------ RECORDS SHOWN ------

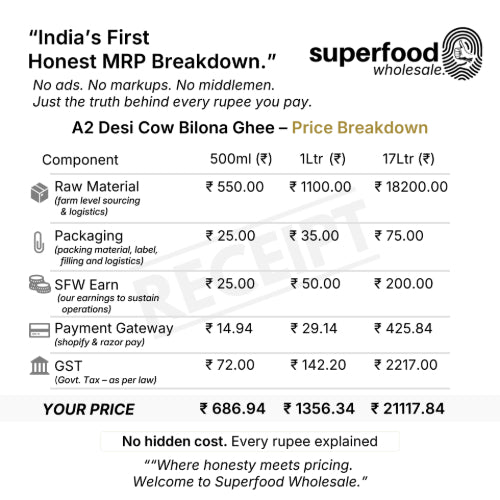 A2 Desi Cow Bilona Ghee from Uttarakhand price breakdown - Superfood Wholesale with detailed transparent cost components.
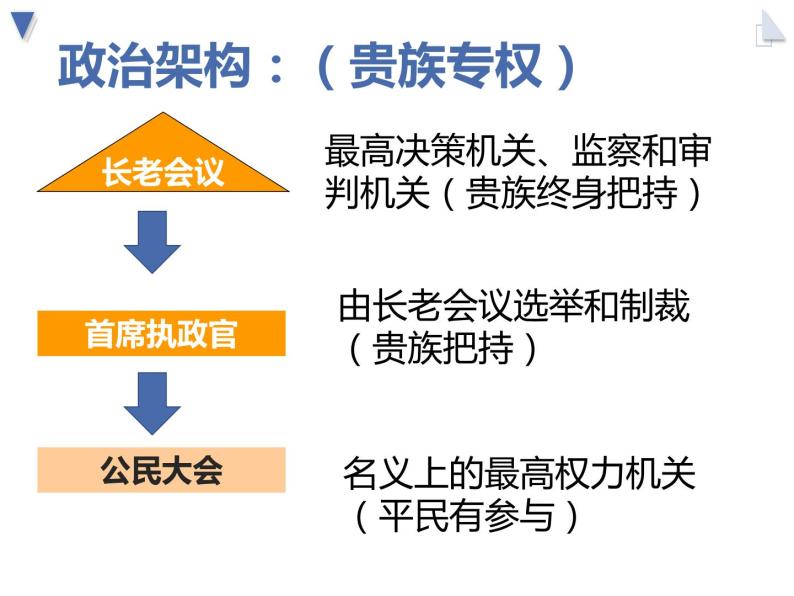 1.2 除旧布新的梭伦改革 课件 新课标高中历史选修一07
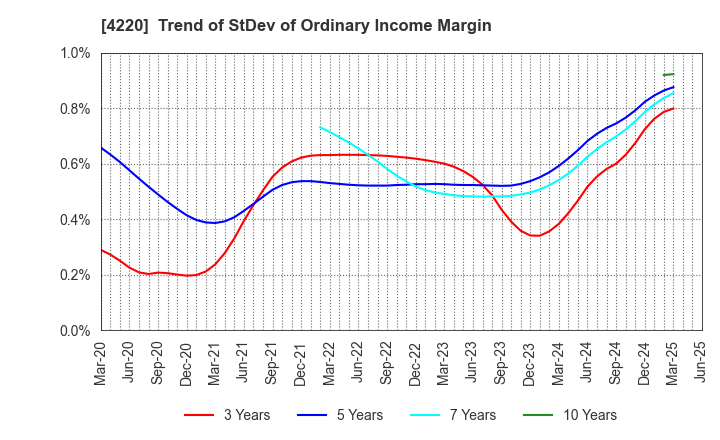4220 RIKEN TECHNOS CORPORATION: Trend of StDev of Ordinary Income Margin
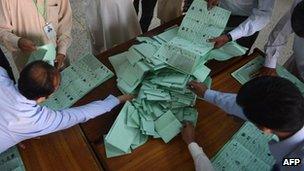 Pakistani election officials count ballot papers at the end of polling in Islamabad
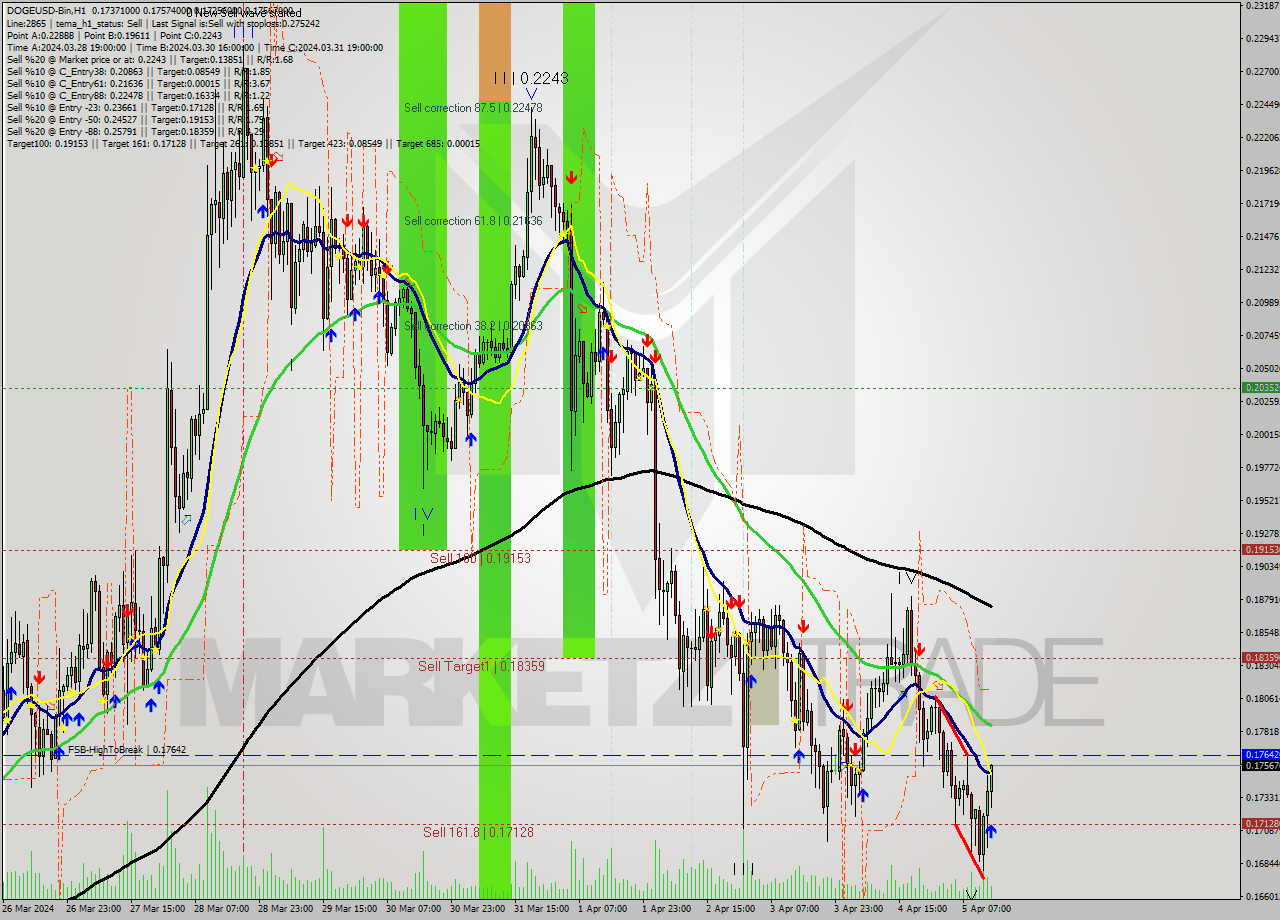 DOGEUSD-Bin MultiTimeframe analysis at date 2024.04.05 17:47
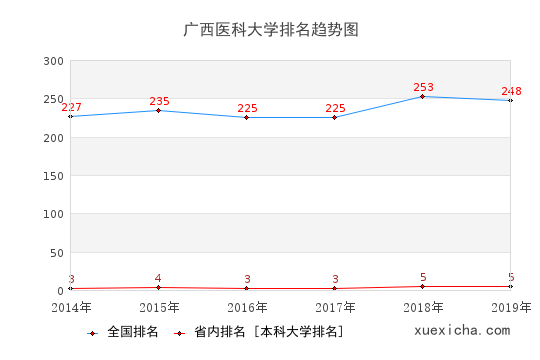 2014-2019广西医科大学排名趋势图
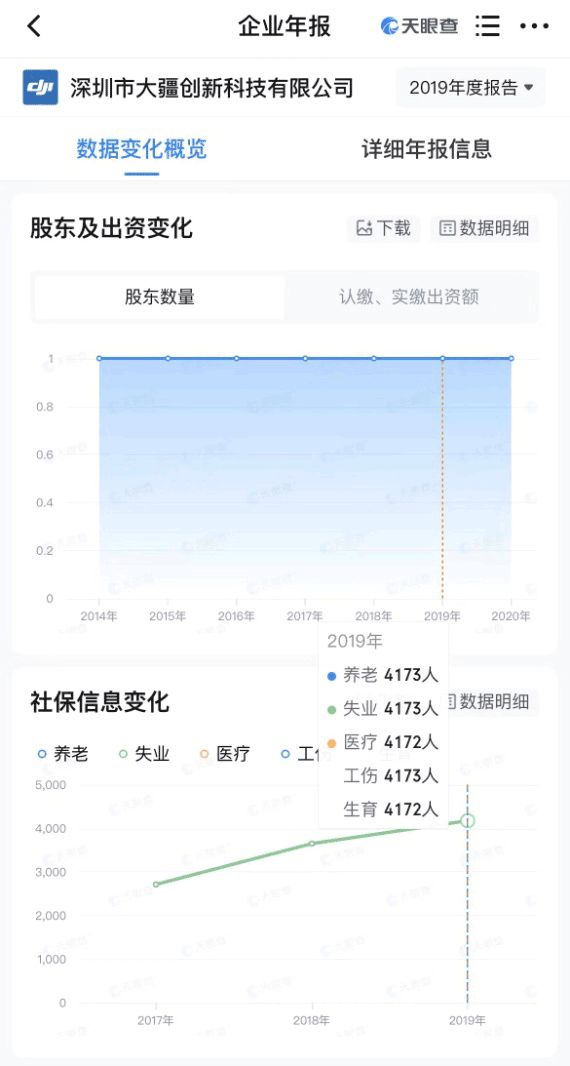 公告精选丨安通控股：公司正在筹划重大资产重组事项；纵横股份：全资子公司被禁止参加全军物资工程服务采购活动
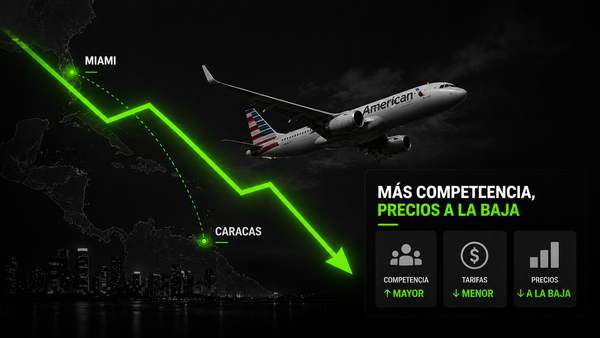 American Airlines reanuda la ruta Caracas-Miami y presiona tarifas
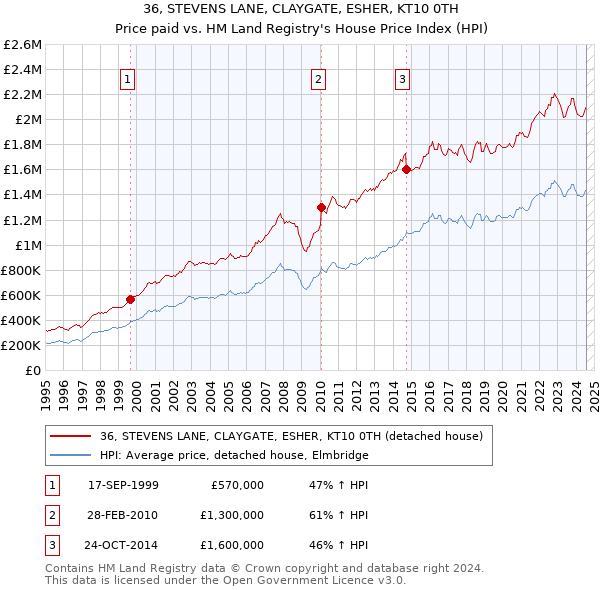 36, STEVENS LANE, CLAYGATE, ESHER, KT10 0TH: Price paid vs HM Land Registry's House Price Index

------

THE PROBLEM -
Leaving every picture out, return the lines from the one containing "公告精选丨安通控股：公司正在" through the last line of the records exactly.

SOLUTION TO THIS EXERCISE -
 公告精选丨安通控股：公司正在筹划重大资产重组事项；纵横股份：全资子公司被禁止参加全军物资工程服务采购活动
 American Airlines reanuda la ruta Caracas-Miami y presiona tarifas
 36, STEVENS LANE, CLAYGATE, ESHER, KT10 0TH: Price paid vs HM Land Registry's House Price Index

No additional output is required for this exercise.